Evaluating the Expression: (-5)^2 - 2x(-9) + 6 using Order of Operations
When evaluating expressions that involve multiple operations, it's essential to follow the order of operations to ensure accuracy. The order of operations is a set of rules that dictates the sequence in which operations should be performed. The acronym PEMDAS is commonly used to remember the order of operations:
- Parentheses: Evaluate expressions inside parentheses first.
- Exponents: Evaluate any exponential expressions next.
- Multiplication and Division: Evaluate multiplication and division operations from left to right.
- Addition and Subtraction: Finally, evaluate any addition and subtraction operations from left to right.
Let's apply the order of operations to the given expression: (-5)^2 - 2x(-9) + 6.

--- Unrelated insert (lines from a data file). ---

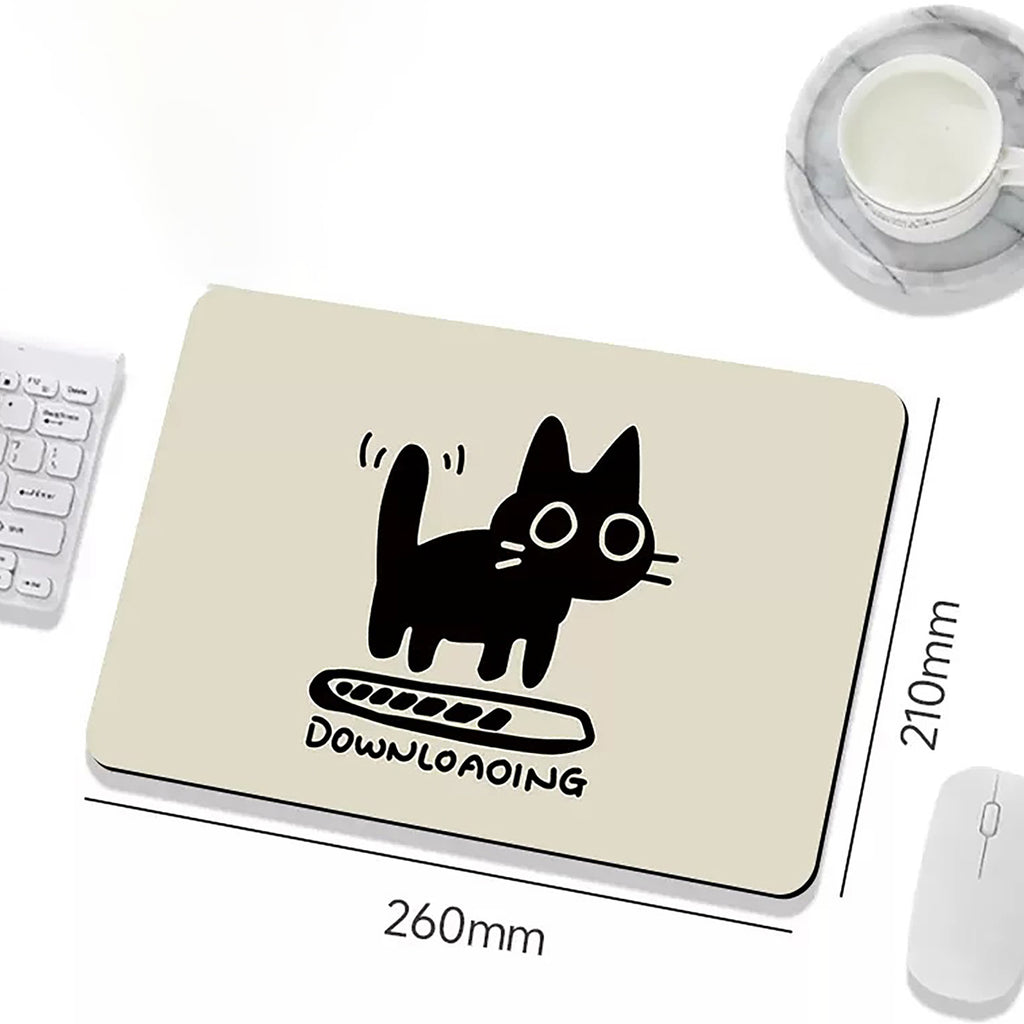 Anna-Kaci Cute Cat Graphic Non Slip Mouse Pad for Desk and Office Use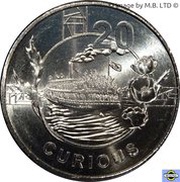 20 Cents - Elizabeth II 4th Portrait - Anzac Spirit - Curious, Australia, 2018 reverse image
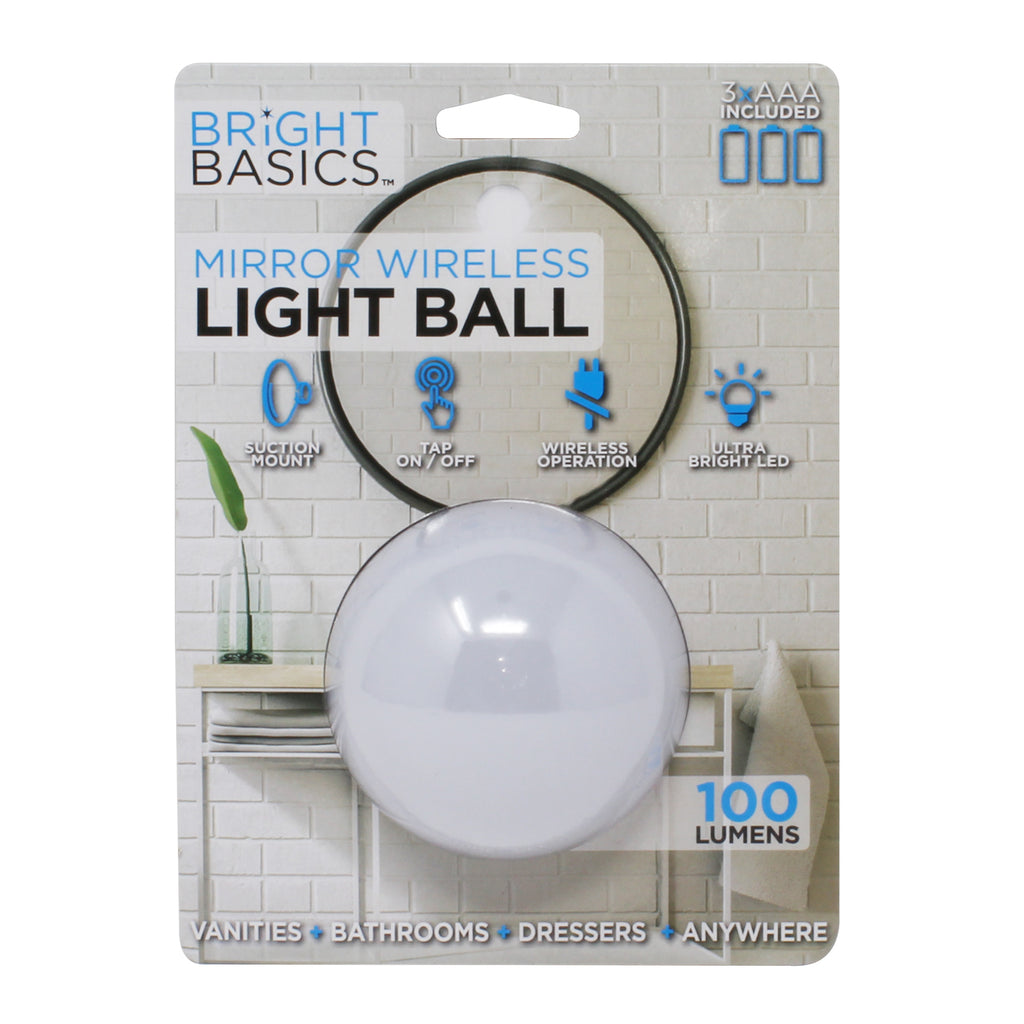 Bright Basics Ultra Bright Portable Wireless Ball Lamp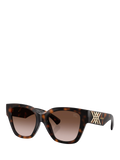 Burberry BE4489 Women's Square Sunglasses Brown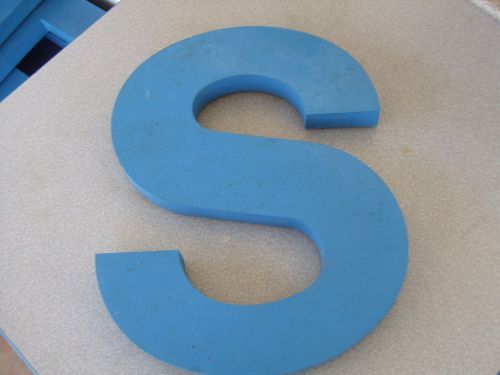 Indoor/Outdoor Industrial Blue  Metal Channel Letter Gemini Inc  Letter  S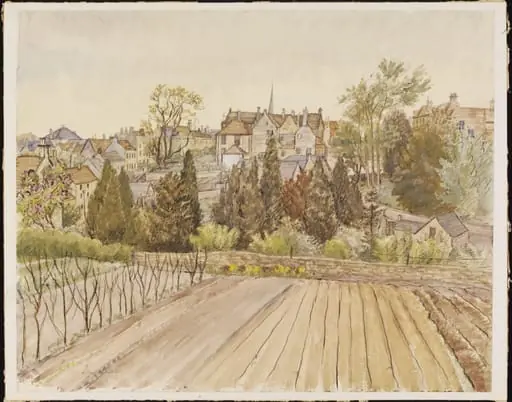 View from near Love Lane, Tetbury, by Puller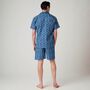 Men's 'Marrakesh' Paisley Crisp Cotton Short Pyjama Set, thumbnail 3 of 4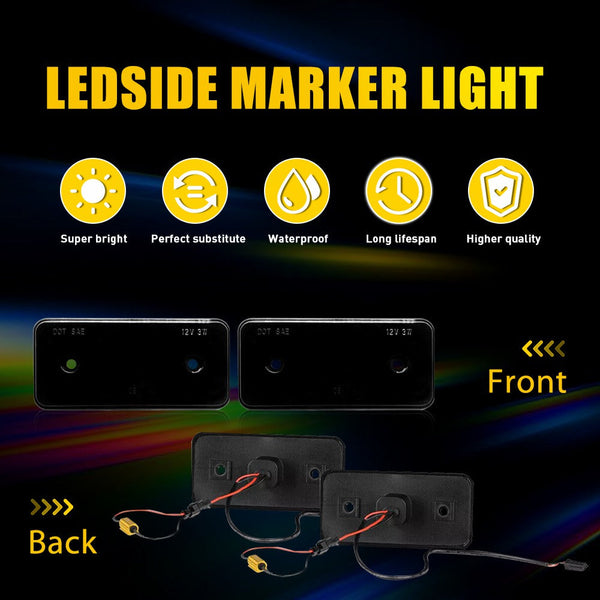 LED Side Marker Light for Mercedes-Benz G-Class W463 G500 1999-2014, Front & Rear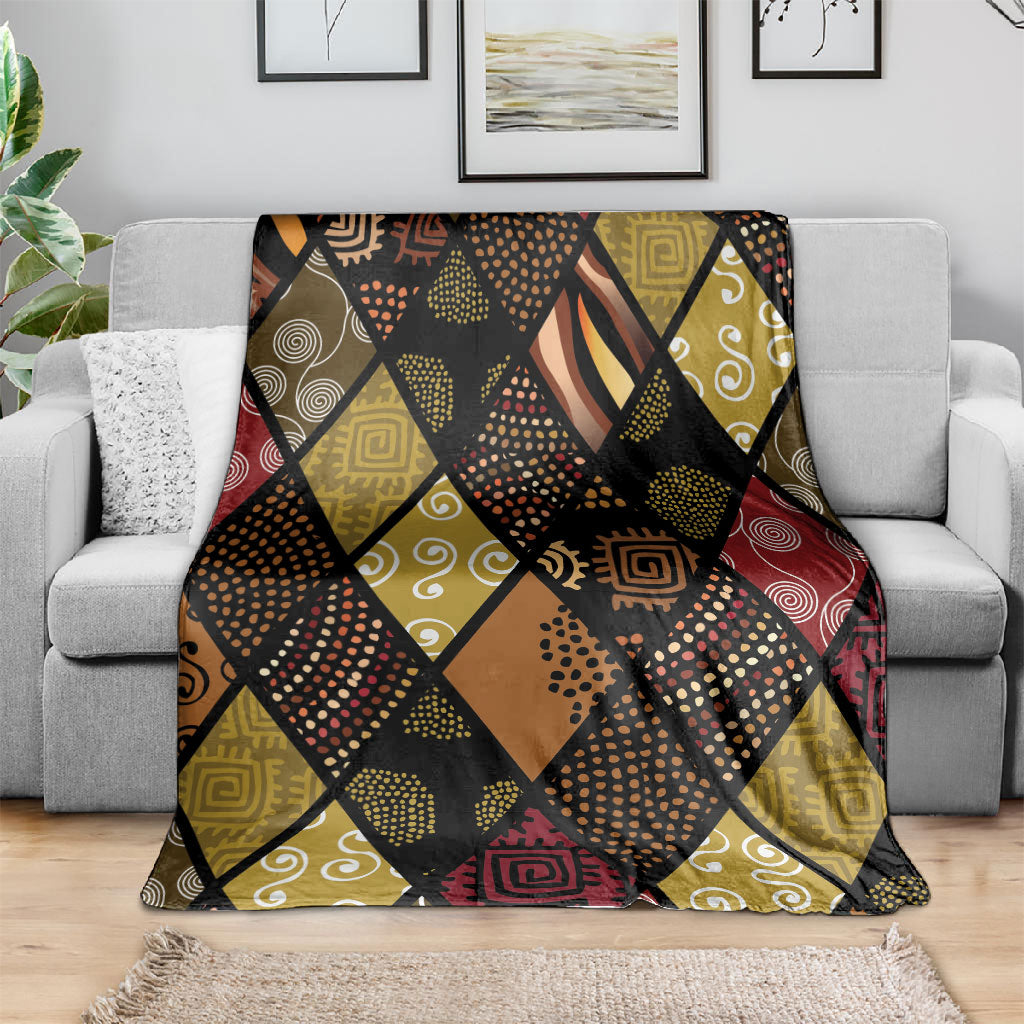African American Quilt Inspired Blanket Ethnic Bohemian Rhombus Patchwork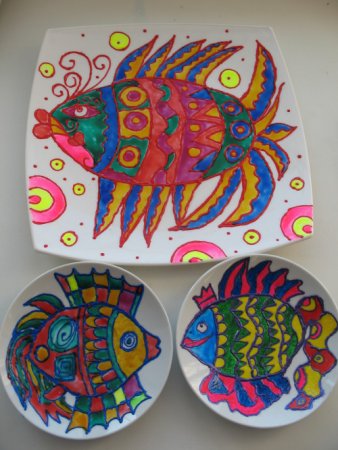 Декоративное рисование рыбки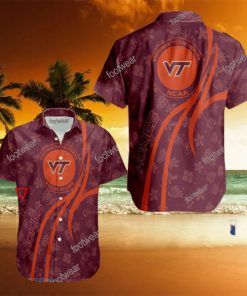 NCAA Virginia Tech Hokies Hawaiian Shirt Design Gift Fans Summer Holidays Custom Name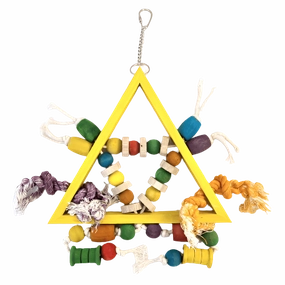Tweeters Triangle Wood Bird Toy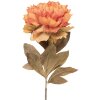 Flor artificial de clavel de Pascua Clayre & Eef 14x14x70 cm Naranja-Verde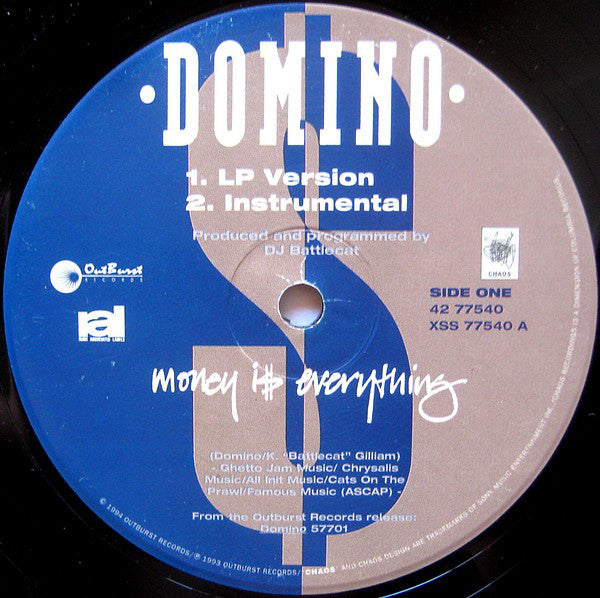 Domino : Money Is Everything (12")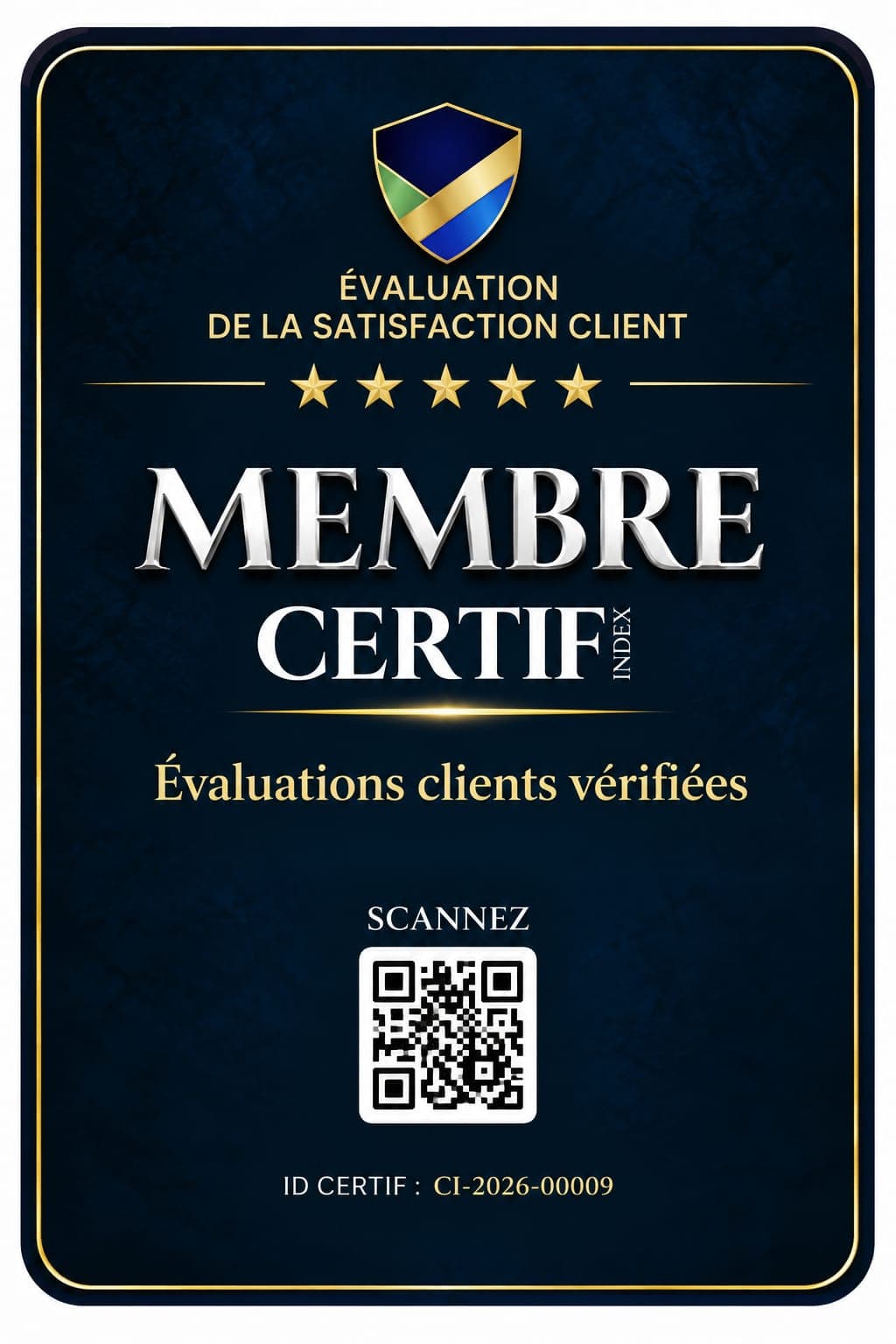 Plaque Membre CERTIF Index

Step 1: Evaluate Exponents
The expression contains an exponent, which is (-5)^2. To evaluate this, we raise -5 to the power of 2:
(-5)^2 = (-5) × (-5) = 25
So, the expression becomes:
25 - 2x(-9) + 6
Step 2: Evaluate Multiplication and Division
The expression contains a multiplication operation: 2x(-9). To evaluate this, we multiply 2 by -9:
2x(-9) = 2 × (-9) = -18
Now, the expression becomes:
25 - (-18) + 6
Step 3: Evaluate Addition and Subtraction
Finally, we evaluate the addition and subtraction operations from left to right:
25 - (-18) = 25 + 18 = 43 43 + 6 = 49
Therefore, the final result of the expression (-5)^2 - 2x(-9) + 6 is:
49
By following the order of operations, we ensured that the expression was evaluated correctly and accurately.